_Your goal_
Please state the number of lines in the material below that contain "Model", with no other words.

Top of Dataset content

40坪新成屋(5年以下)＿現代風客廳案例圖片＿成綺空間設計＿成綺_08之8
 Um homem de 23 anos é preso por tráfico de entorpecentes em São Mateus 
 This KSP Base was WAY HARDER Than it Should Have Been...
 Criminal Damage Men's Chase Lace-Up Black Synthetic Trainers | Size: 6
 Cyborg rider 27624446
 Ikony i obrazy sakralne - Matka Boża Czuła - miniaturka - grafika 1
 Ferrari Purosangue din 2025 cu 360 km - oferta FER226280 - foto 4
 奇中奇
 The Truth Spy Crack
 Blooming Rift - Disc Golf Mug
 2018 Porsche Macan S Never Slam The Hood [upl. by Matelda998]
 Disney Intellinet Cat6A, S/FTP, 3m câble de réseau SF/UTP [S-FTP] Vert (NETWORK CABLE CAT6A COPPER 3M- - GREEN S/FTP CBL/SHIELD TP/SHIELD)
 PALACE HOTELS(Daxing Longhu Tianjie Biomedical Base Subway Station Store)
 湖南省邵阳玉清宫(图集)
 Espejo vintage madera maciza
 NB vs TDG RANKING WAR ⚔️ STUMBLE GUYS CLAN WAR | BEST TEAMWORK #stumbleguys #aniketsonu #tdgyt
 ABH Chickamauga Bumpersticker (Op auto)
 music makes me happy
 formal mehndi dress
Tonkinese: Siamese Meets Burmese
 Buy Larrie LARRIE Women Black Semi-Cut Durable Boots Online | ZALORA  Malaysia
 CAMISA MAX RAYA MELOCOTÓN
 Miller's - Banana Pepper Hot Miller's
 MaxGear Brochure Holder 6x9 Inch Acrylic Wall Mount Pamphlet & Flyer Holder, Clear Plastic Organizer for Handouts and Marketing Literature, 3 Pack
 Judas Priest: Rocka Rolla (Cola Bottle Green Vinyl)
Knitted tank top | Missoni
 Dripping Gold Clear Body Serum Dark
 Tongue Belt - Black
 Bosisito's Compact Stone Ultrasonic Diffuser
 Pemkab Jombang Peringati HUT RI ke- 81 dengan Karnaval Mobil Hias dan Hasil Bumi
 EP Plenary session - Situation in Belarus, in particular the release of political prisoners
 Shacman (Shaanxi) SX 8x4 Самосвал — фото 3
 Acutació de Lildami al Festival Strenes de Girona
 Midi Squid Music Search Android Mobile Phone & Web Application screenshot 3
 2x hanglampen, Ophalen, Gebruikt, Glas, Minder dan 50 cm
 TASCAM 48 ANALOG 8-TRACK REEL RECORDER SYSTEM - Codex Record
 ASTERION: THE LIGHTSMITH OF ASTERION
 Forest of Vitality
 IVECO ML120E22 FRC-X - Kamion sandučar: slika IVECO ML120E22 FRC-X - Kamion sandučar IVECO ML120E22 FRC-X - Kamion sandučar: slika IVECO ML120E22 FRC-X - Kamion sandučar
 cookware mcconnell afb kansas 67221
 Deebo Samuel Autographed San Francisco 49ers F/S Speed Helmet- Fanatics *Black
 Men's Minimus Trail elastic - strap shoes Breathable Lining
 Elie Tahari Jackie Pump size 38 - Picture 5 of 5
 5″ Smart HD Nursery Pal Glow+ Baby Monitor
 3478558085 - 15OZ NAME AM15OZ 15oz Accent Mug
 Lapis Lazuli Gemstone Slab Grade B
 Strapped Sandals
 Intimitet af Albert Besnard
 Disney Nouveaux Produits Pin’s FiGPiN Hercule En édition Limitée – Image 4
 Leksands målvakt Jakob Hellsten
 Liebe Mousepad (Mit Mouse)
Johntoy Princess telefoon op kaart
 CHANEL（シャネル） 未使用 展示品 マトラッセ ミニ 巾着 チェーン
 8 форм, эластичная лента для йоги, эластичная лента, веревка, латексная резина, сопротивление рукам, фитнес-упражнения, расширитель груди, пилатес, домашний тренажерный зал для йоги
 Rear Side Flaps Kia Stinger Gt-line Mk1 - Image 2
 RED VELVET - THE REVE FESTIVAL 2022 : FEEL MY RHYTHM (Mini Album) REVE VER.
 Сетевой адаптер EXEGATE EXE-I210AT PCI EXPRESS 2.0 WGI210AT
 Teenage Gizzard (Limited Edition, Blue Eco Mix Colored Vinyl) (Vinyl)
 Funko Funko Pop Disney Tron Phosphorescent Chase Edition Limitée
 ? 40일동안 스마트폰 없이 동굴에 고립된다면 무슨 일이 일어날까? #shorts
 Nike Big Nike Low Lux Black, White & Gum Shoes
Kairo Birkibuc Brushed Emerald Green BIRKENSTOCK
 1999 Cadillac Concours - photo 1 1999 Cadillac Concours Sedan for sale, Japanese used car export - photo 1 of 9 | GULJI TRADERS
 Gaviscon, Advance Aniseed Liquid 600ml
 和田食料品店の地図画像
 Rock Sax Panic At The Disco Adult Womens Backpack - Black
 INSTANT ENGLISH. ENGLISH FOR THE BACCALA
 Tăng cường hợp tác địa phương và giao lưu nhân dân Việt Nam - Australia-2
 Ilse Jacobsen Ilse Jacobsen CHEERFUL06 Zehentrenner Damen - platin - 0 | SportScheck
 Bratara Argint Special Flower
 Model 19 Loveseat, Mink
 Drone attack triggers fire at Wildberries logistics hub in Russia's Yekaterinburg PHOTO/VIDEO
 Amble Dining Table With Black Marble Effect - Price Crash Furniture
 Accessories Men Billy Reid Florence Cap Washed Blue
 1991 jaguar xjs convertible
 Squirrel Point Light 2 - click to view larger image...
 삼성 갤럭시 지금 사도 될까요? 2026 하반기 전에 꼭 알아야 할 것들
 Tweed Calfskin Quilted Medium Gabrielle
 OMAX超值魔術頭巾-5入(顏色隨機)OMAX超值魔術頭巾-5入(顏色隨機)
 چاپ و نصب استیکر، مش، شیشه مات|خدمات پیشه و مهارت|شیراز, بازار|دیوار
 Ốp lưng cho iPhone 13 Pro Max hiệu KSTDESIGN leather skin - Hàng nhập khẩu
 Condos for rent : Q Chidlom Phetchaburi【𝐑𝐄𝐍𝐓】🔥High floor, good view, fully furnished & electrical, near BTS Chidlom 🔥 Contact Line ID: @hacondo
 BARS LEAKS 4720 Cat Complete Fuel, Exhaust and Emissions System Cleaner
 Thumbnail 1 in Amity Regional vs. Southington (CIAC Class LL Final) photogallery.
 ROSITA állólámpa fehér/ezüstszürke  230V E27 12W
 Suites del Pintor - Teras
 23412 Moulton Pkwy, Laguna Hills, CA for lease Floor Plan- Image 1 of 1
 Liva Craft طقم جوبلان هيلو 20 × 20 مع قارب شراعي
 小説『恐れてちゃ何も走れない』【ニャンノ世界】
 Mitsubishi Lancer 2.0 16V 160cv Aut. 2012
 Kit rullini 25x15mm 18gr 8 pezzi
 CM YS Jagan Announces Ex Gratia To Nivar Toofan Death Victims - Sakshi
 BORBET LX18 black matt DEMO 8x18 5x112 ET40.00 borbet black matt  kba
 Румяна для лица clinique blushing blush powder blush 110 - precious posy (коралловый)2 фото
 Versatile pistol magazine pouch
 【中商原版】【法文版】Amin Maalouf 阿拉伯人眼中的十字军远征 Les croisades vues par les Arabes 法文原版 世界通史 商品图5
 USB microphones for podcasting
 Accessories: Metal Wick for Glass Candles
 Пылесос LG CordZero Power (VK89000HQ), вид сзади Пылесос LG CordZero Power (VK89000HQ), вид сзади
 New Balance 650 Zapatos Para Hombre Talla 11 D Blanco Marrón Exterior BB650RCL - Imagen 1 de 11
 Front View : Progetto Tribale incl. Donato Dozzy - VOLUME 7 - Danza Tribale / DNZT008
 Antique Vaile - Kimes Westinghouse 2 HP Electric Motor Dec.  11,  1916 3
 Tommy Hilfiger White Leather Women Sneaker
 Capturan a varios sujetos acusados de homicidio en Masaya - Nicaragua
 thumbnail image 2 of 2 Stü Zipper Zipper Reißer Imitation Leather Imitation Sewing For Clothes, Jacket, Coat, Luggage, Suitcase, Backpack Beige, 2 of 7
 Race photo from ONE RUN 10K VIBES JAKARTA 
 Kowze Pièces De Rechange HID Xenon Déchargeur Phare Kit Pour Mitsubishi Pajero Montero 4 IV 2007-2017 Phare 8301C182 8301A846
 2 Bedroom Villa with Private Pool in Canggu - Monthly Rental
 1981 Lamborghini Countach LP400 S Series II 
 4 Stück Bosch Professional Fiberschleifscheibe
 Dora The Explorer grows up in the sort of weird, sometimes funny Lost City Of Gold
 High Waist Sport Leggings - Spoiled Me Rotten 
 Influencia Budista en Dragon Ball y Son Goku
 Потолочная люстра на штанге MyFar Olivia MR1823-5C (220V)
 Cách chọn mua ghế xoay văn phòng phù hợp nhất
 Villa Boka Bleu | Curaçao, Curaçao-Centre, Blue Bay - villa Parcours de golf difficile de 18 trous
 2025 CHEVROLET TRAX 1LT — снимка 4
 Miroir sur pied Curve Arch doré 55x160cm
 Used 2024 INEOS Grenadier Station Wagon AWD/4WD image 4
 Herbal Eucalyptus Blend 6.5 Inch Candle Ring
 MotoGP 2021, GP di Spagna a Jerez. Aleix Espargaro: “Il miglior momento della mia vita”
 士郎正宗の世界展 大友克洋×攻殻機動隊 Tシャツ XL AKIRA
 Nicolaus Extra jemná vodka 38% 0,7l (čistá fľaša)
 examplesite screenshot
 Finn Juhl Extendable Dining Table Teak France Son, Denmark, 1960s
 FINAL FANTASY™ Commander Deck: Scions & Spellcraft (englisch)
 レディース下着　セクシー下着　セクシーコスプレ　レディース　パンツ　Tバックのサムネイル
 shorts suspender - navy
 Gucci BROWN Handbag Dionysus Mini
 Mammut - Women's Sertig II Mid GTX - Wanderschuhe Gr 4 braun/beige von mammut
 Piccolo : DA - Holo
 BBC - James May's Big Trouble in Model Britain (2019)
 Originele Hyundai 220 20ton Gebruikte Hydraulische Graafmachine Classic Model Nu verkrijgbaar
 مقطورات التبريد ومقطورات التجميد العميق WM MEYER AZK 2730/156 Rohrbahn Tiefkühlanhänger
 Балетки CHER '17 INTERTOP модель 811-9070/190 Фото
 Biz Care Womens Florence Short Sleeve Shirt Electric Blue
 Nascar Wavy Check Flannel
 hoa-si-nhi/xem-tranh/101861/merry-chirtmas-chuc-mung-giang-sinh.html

Bottom of Dataset content

_Solution to this problem_
3